Cost model comparison
The cost difference is significant. Let's compare managing 10 people for one year.
| Cost Factor | EOR (Deel/Remote) | Contractor Mgmt (Kontrable) |
|---|---|---|
| Platform fee | $49-99/person/month | $99/month (up to 25) |
| 10 people monthly | $490-990/month | $99/month |
| Annual platform cost | $5,880-11,880/year | $1,188/year |
| Transfer fees | Included (but delayed) | Your Wise/PayPal rates |
| Payment control | Through platform (3-5 day delay) | Direct (instant) |
| Annual savings | — | $4,692-10,692/year |
For 10 contractors, using an EOR costs $4,692-10,692 more per year than contractor management software. That money buys you payroll processing, benefits administration, and employment compliance—none of which contractors need.
Compliance realities
The compliance requirements are fundamentally different for employees and contractors.
For employees (EOR handles): Payroll tax withholding and remittance. Social security and pension contributions. Mandatory benefits (health insurance, paid leave, sick leave). Employment contracts compliant with local labor law. Termination procedures and severance calculations. Work permits and visa sponsorship. Local entity representation.
For contractors (you handle): Independent contractor agreements (not employment contracts). Tax documentation (W-9 for US contractors, W-8BEN for international). 1099 forms at year-end (US only). Payment records for accounting. Proper classification (contractor vs employee). No payroll, no benefits, no withholding.
The contractor compliance burden is significantly lighter. You need clear agreements, proper documentation, and organized records. You don't need payroll infrastructure, benefits administration, or local entity setup. Contractor management software handles the documentation and organization. You handle the classification decision.
The biggest risk is misclassification—treating an employee as a contractor or vice versa. If someone works exclusively for you, follows your schedule, uses your equipment, and is integrated into your organization, they're likely an employee regardless of what your contract says. Use an EOR. If they work for multiple clients, set their own schedule, and operate as an independent business, they're a contractor. Use contractor management software.
Payment control
How money flows is different between EORs and contractor management.
With an EOR: You pay the EOR. The EOR processes payroll, withholds taxes, remits to authorities, and pays the employee.
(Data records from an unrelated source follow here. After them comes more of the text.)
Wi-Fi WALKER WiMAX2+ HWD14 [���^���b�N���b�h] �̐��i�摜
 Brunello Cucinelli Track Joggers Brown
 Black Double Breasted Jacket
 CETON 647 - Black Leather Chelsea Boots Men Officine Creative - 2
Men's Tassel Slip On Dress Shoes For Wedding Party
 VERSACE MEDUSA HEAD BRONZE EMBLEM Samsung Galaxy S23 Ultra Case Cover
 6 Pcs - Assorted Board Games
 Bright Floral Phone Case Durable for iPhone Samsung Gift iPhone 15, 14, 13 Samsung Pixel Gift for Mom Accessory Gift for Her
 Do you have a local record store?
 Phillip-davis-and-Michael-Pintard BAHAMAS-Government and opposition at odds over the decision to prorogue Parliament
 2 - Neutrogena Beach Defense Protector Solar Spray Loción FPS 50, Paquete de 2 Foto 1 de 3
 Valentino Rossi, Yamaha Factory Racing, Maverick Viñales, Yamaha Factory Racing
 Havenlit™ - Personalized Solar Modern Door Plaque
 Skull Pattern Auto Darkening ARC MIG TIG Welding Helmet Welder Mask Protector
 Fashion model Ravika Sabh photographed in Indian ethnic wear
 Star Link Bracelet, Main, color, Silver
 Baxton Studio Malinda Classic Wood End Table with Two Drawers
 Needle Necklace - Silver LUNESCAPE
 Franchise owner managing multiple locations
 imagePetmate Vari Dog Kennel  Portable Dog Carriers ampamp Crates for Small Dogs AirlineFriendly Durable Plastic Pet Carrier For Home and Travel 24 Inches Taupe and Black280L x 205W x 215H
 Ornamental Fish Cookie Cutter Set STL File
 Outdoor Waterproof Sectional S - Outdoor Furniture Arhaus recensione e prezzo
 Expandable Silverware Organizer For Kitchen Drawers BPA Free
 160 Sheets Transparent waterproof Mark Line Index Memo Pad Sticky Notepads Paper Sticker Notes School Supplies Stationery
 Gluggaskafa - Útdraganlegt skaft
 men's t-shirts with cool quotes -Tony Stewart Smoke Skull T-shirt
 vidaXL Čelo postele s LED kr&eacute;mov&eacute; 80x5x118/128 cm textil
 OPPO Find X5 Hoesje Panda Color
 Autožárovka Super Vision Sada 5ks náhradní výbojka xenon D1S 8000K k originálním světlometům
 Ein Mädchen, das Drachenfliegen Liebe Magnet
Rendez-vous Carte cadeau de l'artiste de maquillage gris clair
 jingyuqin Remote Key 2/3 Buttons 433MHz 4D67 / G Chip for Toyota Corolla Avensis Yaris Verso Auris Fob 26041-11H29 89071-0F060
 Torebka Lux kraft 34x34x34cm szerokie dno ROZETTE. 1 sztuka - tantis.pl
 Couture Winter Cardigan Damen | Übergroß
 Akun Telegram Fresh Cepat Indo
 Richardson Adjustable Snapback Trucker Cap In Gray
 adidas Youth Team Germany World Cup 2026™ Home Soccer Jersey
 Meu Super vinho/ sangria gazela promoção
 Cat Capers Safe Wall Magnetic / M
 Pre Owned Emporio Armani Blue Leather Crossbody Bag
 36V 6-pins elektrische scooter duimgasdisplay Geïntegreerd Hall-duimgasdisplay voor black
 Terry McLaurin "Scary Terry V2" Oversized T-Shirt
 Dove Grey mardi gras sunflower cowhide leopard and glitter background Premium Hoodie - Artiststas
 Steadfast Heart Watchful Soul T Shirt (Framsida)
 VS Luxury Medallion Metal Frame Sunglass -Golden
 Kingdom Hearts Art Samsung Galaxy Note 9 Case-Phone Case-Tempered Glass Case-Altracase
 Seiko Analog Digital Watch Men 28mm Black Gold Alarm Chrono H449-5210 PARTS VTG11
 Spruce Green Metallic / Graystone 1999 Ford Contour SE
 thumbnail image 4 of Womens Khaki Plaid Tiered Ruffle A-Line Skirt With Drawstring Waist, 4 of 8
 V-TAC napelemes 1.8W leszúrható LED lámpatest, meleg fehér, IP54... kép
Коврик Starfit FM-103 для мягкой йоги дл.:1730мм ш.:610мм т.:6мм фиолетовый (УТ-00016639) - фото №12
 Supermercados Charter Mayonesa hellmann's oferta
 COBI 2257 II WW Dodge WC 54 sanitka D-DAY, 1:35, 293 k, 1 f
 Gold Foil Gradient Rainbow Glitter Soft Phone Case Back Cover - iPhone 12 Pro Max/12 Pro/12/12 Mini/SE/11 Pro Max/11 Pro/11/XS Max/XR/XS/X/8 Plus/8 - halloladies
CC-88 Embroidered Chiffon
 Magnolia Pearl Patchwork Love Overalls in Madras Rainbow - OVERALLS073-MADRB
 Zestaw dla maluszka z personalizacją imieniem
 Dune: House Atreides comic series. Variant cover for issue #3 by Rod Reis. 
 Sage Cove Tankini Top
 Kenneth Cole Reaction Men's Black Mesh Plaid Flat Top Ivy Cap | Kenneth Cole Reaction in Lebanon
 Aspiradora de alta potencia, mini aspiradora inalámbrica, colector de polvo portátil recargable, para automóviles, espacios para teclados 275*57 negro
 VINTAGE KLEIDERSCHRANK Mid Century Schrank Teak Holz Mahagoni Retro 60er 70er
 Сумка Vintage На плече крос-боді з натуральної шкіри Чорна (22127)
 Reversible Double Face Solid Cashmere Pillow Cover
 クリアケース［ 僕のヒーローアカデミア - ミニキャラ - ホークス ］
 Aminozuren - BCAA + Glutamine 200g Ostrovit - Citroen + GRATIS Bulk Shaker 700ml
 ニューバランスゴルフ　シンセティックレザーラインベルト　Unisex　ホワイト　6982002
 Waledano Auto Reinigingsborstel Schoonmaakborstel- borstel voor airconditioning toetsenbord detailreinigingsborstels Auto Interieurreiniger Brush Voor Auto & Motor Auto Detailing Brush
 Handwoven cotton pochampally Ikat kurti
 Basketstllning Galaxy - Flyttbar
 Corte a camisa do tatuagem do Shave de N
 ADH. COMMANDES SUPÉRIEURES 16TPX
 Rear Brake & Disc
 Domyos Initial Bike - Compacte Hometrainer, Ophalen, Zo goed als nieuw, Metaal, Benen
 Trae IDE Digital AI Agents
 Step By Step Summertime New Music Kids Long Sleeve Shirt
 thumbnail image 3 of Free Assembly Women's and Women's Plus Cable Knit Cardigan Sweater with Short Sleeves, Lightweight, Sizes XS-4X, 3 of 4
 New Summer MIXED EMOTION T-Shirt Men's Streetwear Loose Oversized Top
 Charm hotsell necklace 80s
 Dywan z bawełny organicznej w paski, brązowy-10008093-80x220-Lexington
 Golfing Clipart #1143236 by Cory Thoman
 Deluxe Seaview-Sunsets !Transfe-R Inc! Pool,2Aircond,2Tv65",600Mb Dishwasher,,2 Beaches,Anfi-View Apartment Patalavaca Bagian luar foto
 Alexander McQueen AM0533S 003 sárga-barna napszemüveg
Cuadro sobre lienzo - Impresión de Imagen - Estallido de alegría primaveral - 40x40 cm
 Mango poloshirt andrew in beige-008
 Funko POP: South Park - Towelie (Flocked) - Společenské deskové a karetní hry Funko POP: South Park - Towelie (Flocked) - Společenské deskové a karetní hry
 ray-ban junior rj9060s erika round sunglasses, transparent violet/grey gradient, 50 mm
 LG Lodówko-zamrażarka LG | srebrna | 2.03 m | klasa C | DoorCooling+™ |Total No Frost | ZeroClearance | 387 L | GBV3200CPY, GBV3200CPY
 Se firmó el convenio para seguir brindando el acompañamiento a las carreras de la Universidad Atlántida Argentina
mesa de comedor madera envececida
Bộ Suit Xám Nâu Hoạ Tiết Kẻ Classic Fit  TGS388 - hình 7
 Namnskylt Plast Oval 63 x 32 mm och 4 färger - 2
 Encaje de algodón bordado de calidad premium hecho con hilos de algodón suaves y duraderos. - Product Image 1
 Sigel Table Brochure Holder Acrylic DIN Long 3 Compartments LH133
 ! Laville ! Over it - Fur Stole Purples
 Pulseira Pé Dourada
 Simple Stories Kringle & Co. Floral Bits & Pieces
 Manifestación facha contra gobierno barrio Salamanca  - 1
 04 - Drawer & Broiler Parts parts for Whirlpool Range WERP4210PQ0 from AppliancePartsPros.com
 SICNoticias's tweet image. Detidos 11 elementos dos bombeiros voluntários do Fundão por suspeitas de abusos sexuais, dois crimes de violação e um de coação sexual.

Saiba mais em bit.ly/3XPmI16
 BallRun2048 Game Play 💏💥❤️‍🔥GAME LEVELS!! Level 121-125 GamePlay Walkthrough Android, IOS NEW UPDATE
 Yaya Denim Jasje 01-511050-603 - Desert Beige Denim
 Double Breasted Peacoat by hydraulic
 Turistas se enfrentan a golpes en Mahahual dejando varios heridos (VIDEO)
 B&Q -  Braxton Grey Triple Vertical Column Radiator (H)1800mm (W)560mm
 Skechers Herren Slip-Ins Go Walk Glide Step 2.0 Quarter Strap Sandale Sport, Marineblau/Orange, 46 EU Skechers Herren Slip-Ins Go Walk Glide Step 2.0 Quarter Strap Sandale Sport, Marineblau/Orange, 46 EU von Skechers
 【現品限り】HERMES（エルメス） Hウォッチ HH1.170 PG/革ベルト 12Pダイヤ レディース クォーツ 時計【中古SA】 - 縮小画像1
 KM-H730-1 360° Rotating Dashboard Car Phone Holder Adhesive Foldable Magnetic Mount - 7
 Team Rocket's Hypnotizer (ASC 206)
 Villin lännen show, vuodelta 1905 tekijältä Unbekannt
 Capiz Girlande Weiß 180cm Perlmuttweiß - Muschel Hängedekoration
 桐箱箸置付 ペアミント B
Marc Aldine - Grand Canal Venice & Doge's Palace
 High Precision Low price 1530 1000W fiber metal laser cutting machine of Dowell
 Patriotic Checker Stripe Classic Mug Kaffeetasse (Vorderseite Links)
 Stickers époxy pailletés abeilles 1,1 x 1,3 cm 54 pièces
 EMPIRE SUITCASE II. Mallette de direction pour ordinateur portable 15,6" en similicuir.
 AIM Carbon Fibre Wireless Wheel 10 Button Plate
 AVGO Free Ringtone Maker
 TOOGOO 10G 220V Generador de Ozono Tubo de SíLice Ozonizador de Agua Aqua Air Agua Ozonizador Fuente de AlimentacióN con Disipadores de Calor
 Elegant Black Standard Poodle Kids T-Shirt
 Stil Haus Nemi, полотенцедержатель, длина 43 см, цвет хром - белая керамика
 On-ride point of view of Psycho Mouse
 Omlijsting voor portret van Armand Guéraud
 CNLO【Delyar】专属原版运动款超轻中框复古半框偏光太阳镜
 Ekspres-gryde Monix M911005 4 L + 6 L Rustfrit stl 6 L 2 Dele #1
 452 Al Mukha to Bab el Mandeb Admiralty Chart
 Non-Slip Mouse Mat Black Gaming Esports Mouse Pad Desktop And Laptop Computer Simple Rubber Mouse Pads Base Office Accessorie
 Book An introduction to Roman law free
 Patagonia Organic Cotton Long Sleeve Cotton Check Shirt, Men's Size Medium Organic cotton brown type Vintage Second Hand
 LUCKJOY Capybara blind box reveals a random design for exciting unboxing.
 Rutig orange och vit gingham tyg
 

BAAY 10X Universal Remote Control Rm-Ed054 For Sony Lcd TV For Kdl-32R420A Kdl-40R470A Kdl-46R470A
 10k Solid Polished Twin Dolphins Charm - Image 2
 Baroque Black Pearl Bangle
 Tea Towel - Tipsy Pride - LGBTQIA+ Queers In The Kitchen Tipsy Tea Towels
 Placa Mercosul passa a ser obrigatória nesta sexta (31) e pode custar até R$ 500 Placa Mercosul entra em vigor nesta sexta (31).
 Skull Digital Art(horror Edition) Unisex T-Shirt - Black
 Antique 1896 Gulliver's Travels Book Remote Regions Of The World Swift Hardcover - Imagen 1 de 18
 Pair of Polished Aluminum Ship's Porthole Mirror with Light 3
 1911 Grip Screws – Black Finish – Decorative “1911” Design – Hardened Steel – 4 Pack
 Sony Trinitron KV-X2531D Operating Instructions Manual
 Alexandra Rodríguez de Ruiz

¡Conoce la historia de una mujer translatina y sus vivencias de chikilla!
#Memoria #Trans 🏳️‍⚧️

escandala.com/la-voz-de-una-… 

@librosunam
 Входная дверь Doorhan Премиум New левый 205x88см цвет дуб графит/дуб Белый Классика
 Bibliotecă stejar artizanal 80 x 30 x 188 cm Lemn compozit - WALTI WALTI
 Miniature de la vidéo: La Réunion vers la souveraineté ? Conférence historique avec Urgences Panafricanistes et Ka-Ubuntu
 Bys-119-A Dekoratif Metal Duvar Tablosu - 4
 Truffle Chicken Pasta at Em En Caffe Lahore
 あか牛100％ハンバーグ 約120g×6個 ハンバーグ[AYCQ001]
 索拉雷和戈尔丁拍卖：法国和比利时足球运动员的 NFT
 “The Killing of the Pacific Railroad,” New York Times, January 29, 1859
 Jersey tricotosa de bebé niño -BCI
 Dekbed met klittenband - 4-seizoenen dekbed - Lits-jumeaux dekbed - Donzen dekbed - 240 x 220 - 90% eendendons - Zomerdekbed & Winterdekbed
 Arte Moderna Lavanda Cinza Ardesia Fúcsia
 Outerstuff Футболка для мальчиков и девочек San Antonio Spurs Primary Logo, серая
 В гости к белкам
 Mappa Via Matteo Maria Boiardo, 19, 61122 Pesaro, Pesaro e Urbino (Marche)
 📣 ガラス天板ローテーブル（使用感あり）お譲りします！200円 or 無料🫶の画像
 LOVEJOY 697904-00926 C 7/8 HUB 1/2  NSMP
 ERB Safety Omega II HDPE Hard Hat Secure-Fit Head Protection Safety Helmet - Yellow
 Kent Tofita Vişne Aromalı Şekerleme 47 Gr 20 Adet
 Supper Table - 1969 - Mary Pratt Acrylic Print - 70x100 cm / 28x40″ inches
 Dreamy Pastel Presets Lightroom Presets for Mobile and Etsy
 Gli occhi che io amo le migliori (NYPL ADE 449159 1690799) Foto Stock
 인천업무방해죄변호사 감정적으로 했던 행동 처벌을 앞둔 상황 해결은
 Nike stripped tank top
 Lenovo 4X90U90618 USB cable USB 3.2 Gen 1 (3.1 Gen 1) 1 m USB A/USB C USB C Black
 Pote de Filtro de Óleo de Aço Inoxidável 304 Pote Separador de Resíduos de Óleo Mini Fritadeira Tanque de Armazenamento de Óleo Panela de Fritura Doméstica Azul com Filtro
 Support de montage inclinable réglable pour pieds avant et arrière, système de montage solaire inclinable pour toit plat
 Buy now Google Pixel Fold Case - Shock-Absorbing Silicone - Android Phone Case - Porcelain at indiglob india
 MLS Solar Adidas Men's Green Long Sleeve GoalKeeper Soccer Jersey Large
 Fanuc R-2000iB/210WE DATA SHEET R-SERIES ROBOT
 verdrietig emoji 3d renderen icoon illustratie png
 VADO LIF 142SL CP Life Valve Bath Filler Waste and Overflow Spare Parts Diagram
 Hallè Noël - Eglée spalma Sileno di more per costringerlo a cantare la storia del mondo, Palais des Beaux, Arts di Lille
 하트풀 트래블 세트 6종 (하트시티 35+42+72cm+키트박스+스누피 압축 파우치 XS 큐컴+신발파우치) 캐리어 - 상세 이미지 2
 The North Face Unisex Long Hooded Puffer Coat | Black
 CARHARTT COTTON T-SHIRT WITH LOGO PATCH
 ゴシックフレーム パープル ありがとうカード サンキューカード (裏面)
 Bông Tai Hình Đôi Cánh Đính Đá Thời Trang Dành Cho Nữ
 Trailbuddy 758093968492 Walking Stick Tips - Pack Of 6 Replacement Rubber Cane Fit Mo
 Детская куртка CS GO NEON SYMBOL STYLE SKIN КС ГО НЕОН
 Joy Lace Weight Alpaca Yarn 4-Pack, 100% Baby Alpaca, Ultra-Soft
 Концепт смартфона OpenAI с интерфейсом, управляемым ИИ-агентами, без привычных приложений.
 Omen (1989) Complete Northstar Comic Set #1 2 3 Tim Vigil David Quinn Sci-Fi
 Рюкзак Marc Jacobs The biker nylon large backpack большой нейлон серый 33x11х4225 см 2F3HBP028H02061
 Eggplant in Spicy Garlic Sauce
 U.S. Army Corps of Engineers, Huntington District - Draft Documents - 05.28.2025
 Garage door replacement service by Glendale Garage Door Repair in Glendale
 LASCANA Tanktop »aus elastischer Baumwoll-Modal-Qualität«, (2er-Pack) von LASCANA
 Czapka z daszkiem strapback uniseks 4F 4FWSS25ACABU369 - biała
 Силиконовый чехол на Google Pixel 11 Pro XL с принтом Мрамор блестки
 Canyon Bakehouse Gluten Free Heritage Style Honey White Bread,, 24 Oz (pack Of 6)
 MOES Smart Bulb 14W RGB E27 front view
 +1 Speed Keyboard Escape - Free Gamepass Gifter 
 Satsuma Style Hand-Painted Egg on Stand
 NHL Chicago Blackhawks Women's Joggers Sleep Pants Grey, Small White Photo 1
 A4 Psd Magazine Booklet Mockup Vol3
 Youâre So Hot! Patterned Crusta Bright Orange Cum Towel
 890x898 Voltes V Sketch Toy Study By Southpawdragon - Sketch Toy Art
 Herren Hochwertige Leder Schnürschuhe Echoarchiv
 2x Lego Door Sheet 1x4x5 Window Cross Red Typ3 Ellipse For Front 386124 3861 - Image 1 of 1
Your money sits in the EOR's system for 3-5 days before reaching the employee. You have no direct payment relationship with the employee. The EOR handles currency conversion at their rates. You get consolidated invoices from the EOR.
With contractor management: You pay the contractor directly via Wise, PayPal, or Payoneer. Your money goes straight from your account to theirs. No middleman, no delays. You control currency conversion and choose your payment method. You get direct confirmation from the contractor. The software tracks payments and maintains records.
For contractors, direct payment makes sense. They already have payment accounts. They don't need payroll processing. The 3-5 day delay through an EOR just adds friction. Direct payment is faster, cheaper, and gives you more control.
Migration paths
What happens when your needs change?
From EOR to own entity: When you're ready to set up your own entity in a country, you'll need to terminate employment with the EOR and rehire under your new entity. This can trigger severance obligations, notice periods, or other complications depending on local labor laws. Plan this transition carefully and budget for potential costs.
From contractor to employee: If a contractor relationship evolves into an employment relationship (they start working exclusively for you, follow your schedule, become integrated into your team), you'll need to convert them to an employee. This means either setting up an entity or using an EOR. The contractor management software can't handle this—you need employee infrastructure.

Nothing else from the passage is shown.